From news released by Interesting Engineering, a team of Amsterdam scientists has demonstrated that this is actually achievable through some tweaking of the principle that underpins the atom laser, the so-called Bose-Einstein Condensate, or BEC for short.
How this Atom Laser Can Stay on Forever
The macroscopic coherent matter waves known as Bose-Einstein condensates (BECs) have transformed quantum research and atomic physics for decades. They're crucial in quantum modeling and sensing.
For example, atom interferometers in space and daring testing of Einstein's equivalence principle. However, one long-standing limitation for quantum gas devices has been the requirement to perform cooling phases in a time sequence. That is how to make them flow continuously.
To address this, scientists created an indefinite continuous-wave (CW) condensate of strontium atoms to demonstrate a continuous Bose-Einstein condensation.

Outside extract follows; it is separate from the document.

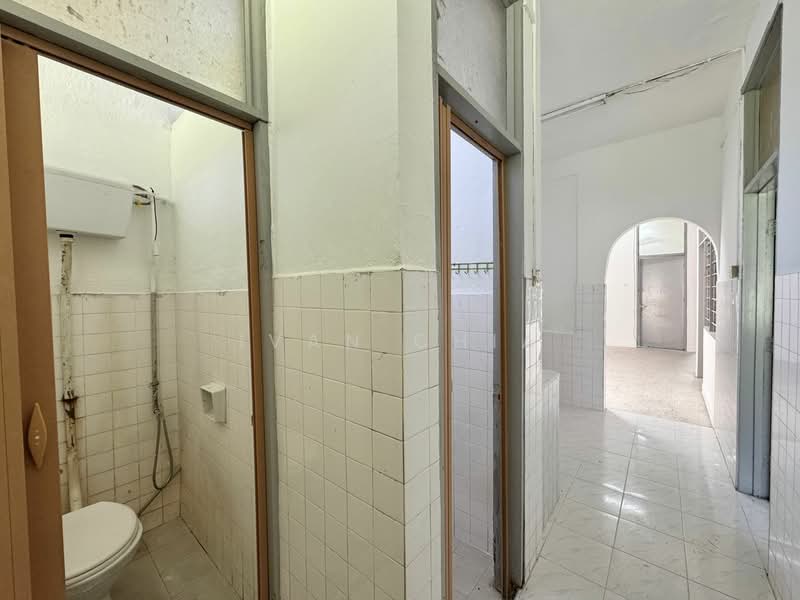 1-storey Terraced House for Sale in Bukit Gedung (Bayan Baru) - Ivan Chia - Bathroom - PropertyGuru.com.my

The coherent matter-wave is maintained by amplification of atoms from a warm bath via Bose-stimulated gain. They keep the conditions for condensation going by constantly refilling this fluid while reaching 1,000 times greater phase-space densities than earlier research.
Now, what does it have to do with this atom laser?
For starters, atom lasers use sensors. But the continuous operation is preferable for sensors because it reduces dead time and can provide greater bandwidths than pulsed operation.
In the meanwhile, sensors that use BECs benefit from their high phase-space density and unique coherence features. When these benefits are considered together, a CW atom laser beam outcoupled from a CW condensate might be excellent for many quantum sensing applications.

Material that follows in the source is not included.